The disparities in chronic low back pain experienced by Black patients compared to White patients are not linked to the patient-physician relationship but are more likely the result of systemic factors, such as access to high-quality medical care, new research indicates. The study, which was published in JAMA Network Open by John Licciardone (University of North Texas Health Science Center, Texas, USA) et al, suggest that consideration of the availability of health insurance, the healthcare setting, and access to specialised pain treatment, may identify more promising approaches to mitigate racial pain disparities.
The researchers note that racial and ethnic disparities in pain outcomes “are widely reported in the United States. However, the impact of the patient-physician relationship on such outcomes remains unclear”. As such, the cross-sectional study sought to determine whether the patient-physician relationship mediates the association of race with pain outcomes.
Data were collected from the Pain Registry for Epidemiological, Clinical, and Interventional Studies and Innovation (PRECISION) registry between April 2016 and December 2021. Those who identified as either Black or White with chronic low back pain and who had a regular physician who provided pain care were included.
Primary outcomes included low back pain intensity, measured with a numerical rating scale, and physical function, measured with the Roland-Morris Disability Questionnaire. Mediator variables were derived from the Communication Behaviour Questionnaire, Consultation and Relational Empathy measure, and Patient Satisfaction Questionnaire.

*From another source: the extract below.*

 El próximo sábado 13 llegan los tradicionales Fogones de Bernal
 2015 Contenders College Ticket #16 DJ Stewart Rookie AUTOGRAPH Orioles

In all, 1,177 patients were included. The mean (standard deviation [SD]) age was 53.5 (13.1) years, and 876 (74.4%) were women. A total of 217 participants (18.4%) were Black, and 960 participants (81.6%) were White.
The study found that the only difference between Black and White participants in the patient-physician relationship involved effective and open physician communication, which favoured Black participants (mean communication score, 72.1; 95% confidence interval [CI], 68.8–75.4 vs. 67.9; 95% CI, 66.2–69.6; p=0.03).
Black participants, compared with White participants reported worse outcomes for pain intensity (mean pain score, 7.1; 95% CI, 6.8–7.3; vs. 5.8; 95% CI, 5.7–6.0; p<0.001) and back-related disability (mean disability score, 15.8; 95% CI, 15.1–16.6 vs. 14.1; 95% CI, 13.8-14.5; p<0.001).
In mediation analyses that controlled for potential confounders using disease risk scores, virtually none of the associations of race with each outcome was mediated by the individual or combined factors of physician communication, physician empathy, and patient satisfaction. Similarly, no mediation was observed in sensitivity analyses that included only participants with both chronic low back pain and the same treating physician for more than five years.